How can I plot a contour map on the xy plane rather than on the 3d surface of the function?
This is my current output:
import numpy as np
import matplotlib.pyplot as plt
def f(x,y):
return x**2 + y**2
x = np.linspace(-10,10,100)
y = np.linspace(-10,10,100)
X,Y = np.meshgrid(x,y) # array of values containing all value pairs (xi, yi)
Z = f(X,Y)
fig = plt.figure()
ax = plt.axes(projection='3d')
ax.plot_surface(X, Y, Z, cmap="autumn_r", rstride=1, cstride=1)
ax.contour(X, Y, Z, 10, cmap="autumn_r", linestyles="solid")
plt.show()
>Solution :
If you want the contour to be on one of the planes then set the offset. offset=0 puts the contour on the Z=0 plane (since the default zdir is z).
fig, ax = plt.subplots(subplot_kw={"projection":"3d"})
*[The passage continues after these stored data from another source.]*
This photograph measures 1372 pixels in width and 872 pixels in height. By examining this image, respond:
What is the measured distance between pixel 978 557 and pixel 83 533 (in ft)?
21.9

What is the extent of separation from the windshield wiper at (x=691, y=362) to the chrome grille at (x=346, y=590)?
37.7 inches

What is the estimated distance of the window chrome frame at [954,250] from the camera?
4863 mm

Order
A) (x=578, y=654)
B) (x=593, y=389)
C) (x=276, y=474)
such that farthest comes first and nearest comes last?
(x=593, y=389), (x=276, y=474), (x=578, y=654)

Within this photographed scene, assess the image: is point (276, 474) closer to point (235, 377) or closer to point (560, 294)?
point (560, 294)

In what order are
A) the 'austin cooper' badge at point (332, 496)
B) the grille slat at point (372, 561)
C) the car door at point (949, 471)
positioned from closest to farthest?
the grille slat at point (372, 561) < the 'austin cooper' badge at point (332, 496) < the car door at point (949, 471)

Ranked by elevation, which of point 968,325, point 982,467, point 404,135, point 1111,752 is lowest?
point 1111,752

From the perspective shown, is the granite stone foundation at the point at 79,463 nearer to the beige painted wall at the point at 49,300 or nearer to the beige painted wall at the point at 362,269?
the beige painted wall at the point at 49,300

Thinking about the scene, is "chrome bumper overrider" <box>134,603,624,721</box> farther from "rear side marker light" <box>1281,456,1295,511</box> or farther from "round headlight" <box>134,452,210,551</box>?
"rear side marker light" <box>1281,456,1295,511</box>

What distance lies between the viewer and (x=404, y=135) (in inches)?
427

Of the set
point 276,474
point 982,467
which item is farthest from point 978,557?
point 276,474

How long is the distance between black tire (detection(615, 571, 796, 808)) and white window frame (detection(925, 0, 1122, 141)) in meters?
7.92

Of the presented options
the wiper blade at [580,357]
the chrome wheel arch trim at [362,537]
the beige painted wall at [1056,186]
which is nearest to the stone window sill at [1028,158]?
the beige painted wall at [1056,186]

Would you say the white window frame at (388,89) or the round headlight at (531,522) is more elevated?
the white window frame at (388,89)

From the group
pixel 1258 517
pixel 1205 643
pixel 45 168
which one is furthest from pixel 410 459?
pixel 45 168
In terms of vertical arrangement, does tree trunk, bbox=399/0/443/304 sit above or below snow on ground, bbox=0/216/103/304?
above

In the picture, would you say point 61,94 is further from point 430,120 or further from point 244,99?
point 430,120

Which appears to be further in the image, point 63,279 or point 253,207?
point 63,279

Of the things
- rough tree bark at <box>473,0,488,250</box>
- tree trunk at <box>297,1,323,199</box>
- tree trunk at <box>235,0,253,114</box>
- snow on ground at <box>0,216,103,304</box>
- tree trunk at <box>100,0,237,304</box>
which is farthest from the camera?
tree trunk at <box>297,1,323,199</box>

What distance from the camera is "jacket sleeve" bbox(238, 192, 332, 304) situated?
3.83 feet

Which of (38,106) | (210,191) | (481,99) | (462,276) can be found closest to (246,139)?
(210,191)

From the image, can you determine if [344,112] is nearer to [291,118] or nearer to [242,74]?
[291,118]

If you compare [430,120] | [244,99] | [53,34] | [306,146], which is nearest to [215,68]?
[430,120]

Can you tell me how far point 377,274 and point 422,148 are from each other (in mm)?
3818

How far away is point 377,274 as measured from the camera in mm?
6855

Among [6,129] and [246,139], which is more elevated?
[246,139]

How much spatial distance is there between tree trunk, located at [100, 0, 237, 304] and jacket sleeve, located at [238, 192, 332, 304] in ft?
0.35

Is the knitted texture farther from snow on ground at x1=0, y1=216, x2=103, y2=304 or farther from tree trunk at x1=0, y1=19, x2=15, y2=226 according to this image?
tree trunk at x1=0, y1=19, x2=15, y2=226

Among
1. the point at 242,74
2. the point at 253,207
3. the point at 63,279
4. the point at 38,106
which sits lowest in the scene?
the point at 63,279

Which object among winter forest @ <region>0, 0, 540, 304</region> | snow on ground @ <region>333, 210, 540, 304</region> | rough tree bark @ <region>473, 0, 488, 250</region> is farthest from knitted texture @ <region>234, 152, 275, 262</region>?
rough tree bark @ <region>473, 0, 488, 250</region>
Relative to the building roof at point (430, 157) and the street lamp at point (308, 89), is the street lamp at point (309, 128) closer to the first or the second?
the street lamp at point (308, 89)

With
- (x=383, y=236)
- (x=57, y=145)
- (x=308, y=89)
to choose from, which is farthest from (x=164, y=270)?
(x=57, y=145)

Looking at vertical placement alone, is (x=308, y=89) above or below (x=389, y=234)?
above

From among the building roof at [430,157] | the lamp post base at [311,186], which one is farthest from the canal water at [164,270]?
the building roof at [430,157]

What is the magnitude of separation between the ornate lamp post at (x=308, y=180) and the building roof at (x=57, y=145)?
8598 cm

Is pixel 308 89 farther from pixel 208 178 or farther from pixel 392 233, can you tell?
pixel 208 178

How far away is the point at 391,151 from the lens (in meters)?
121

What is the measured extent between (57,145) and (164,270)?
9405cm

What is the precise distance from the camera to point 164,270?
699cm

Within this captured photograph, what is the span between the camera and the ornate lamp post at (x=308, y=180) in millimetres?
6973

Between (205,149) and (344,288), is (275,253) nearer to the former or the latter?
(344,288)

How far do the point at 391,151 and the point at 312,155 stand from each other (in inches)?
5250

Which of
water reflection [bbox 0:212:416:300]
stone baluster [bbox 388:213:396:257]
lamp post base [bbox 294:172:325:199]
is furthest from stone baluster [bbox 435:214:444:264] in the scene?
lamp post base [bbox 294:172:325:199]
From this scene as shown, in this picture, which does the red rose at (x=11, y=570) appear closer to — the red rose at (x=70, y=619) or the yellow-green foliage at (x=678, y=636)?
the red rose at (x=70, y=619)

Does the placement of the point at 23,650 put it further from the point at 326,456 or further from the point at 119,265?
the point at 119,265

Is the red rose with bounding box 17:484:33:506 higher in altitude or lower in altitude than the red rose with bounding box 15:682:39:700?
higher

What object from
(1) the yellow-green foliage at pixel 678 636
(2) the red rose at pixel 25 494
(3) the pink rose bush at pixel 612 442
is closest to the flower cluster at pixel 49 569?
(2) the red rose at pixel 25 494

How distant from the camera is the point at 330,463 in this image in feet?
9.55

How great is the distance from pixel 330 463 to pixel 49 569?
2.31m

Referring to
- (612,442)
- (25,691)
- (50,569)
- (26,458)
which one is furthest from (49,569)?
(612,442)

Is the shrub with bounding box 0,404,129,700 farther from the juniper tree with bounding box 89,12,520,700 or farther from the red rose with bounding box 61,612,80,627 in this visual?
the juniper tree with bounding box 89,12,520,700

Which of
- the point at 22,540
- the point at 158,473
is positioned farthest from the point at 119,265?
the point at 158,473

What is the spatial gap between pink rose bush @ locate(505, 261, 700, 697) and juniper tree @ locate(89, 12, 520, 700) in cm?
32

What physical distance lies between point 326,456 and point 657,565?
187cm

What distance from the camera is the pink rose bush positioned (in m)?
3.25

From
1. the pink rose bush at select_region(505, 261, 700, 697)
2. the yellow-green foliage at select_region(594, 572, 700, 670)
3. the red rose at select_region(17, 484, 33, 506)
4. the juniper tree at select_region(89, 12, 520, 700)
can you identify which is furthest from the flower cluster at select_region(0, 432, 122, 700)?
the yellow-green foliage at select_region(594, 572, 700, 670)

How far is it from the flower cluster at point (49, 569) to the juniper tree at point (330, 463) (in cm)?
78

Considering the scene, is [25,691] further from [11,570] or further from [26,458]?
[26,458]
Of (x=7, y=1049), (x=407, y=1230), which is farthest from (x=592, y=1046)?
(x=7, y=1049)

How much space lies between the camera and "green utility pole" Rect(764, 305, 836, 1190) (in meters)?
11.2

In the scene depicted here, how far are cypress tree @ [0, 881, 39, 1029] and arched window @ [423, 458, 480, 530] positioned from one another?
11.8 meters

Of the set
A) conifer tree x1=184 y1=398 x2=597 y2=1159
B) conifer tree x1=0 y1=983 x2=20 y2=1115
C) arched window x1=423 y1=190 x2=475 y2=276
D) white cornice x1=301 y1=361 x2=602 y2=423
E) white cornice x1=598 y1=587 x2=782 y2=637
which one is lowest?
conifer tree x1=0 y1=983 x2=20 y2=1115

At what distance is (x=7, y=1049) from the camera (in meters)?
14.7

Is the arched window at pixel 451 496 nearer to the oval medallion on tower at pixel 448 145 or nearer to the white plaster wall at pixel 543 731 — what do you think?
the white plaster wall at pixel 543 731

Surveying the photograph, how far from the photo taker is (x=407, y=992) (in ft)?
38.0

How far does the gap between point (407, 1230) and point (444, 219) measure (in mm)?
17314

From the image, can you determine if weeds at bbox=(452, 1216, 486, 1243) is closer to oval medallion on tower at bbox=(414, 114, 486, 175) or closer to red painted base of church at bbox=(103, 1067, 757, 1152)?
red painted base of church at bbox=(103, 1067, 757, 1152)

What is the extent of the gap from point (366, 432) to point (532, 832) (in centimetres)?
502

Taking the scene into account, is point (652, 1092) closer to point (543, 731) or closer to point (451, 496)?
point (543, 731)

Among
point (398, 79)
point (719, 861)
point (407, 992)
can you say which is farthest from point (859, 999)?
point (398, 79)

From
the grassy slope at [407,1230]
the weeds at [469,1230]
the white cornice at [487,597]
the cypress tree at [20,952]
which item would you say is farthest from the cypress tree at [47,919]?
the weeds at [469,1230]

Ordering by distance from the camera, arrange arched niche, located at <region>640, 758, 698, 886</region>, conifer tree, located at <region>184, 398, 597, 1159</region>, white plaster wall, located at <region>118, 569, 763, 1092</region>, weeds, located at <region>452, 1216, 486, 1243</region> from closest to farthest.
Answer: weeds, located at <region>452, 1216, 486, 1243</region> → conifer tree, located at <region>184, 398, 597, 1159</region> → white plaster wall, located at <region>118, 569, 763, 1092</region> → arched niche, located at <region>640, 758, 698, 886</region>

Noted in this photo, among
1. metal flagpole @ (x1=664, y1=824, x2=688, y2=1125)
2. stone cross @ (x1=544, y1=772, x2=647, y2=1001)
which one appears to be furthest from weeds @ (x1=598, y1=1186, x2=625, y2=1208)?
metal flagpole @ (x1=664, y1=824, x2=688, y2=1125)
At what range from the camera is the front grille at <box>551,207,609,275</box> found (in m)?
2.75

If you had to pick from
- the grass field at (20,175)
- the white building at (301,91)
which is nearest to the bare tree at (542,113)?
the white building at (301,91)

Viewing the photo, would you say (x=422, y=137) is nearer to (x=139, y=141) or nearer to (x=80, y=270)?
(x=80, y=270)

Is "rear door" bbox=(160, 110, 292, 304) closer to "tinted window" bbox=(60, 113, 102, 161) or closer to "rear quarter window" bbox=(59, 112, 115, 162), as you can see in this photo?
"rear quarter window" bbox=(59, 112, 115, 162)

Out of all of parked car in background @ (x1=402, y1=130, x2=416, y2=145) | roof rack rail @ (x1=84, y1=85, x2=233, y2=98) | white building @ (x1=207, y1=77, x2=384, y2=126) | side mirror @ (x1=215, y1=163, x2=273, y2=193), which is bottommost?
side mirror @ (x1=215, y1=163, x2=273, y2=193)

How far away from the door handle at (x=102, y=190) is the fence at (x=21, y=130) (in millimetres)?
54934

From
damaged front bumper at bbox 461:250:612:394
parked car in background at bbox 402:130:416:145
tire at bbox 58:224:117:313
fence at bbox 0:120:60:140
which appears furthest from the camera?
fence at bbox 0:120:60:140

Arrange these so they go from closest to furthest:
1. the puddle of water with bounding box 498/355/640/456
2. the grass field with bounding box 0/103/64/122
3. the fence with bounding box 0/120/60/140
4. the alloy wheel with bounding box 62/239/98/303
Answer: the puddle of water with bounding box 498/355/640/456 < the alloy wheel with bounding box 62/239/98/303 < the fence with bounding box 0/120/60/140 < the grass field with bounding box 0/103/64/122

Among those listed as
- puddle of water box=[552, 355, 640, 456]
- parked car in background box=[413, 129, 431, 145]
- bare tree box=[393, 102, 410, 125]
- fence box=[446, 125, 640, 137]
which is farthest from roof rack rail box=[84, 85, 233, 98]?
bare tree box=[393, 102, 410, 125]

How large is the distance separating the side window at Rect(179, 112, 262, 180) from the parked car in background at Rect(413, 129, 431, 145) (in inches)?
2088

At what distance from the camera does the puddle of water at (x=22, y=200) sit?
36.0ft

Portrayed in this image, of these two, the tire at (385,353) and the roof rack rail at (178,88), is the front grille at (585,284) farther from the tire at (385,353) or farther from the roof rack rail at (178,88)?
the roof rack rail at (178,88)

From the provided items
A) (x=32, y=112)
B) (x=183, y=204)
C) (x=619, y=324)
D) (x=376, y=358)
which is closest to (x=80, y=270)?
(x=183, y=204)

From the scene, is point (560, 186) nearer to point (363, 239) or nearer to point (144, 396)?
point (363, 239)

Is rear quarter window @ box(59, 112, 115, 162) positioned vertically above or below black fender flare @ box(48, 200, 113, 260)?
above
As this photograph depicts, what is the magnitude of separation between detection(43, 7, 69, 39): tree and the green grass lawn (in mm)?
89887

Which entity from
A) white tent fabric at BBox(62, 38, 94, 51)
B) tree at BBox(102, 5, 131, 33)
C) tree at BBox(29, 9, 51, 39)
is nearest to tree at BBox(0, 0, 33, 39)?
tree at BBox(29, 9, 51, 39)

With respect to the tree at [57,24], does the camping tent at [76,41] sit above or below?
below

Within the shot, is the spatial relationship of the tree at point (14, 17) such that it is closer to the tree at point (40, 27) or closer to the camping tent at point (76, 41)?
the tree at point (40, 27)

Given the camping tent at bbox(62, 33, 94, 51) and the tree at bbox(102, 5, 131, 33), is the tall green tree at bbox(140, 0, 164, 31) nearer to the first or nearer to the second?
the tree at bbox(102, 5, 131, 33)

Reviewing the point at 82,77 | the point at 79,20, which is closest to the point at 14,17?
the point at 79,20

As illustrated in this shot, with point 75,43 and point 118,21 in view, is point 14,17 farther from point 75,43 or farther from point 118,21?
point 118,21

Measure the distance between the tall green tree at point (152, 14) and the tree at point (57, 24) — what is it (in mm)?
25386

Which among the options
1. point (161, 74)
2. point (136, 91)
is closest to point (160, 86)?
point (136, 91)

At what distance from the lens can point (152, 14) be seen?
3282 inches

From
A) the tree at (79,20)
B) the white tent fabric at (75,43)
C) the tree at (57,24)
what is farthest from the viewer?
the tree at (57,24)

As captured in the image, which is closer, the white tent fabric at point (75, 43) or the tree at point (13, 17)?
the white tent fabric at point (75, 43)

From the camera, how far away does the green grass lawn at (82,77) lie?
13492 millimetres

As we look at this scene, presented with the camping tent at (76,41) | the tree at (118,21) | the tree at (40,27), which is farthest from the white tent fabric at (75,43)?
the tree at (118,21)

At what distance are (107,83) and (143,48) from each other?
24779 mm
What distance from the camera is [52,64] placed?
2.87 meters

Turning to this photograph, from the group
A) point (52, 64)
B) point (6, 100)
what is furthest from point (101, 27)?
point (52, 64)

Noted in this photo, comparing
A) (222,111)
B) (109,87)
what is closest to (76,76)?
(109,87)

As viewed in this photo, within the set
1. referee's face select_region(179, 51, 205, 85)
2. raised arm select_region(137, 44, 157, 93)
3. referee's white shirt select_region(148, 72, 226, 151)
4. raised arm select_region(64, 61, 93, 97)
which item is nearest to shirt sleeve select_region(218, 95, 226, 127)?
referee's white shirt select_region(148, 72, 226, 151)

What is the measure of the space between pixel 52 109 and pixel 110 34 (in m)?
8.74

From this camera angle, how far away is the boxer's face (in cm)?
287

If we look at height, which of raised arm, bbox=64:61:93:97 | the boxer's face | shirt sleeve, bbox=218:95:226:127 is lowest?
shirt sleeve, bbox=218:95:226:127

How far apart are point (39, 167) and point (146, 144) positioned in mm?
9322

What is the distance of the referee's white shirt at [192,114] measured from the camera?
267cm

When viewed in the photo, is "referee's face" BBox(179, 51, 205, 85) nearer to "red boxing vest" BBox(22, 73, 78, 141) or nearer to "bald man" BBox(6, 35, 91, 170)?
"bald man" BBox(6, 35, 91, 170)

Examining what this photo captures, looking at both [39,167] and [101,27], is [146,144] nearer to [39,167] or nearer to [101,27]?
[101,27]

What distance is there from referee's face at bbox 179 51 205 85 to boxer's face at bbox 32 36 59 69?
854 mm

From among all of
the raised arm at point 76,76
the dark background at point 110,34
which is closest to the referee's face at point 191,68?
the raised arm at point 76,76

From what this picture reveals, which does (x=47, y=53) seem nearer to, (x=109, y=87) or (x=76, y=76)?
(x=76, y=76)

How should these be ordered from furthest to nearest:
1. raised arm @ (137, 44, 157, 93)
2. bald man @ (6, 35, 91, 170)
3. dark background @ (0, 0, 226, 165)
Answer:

ax.plot_surface(X, Y, Z, cmap="autumn_r", rstride=1, cstride=1)
ax.contour(X, Y, Z, 10, offset=0, cmap="autumn_r", linestyles="solid")
plt.show()
See the Matplotlib demo here: https://matplotlib.org/stable/gallery/mplot3d/contour3d_3.html#sphx-glr-gallery-mplot3d-contour3d-3-py
You may also wish to change contour to contourf.